We recently received an update report from a startup team in the Promus Ventures community. The deck was full of bad news: delays for certain product components were increasing, more bugs and unstable builds than usual, longer than anticipated QA testing, certain new hires were not working out, and a list of a myriad of other issues the team was facing.
The best startup teams are the ones that show all the warts and constantly communicate how they are going about fixing each problem.Who said that building a company was easy? Finding the right people to join your team is hard enough, much less building and scaling a product that is constantly evolving. Be honest with yourself and your investors — nothing ever goes the way you drew it up, so show what’s working, what’s not and what the team is doing to keep pushing the ball down the field.

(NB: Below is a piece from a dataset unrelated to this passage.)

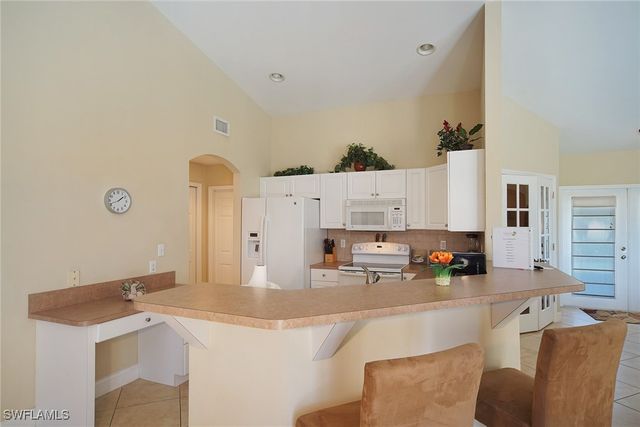 2014 SW 30th ST, Cape Coral, FL 33914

More often than not, a startup team believes that if they tell their investors all the bad news, it will hurt their relationship with their investors. They believe these investors (who are not on the front lines) will thus think the team is horrible at executing the thesis, and subsequently never introduce the company to strategic customers or put another dime in the company. Au contraire.
When an update from a startup team is devoid of numbers, only highlights new hires, new offices and industry research showing how their space is exploding, investors get nervous. The more open and honest a team is, the more trust will be built, and over time this consistency of transparency will produce deep and strong ties between a startup team and their investors. Show all the customers losses you have experienced, why each passed and what was learned. Be explicit with all the problems in the product roadmap and what is needed to move forward. The messier you are, the more honest board and investor conversations can be and more ground will be gained.
There is humility in admitting that you and your team are making mistakes and not everything you touch turns to gold. Well, welcome to humanity. Stay true to your focus, continually call out and communicate the challenges, and watch the level of help, trust and confidence rise in your board/advisor/investor relationships.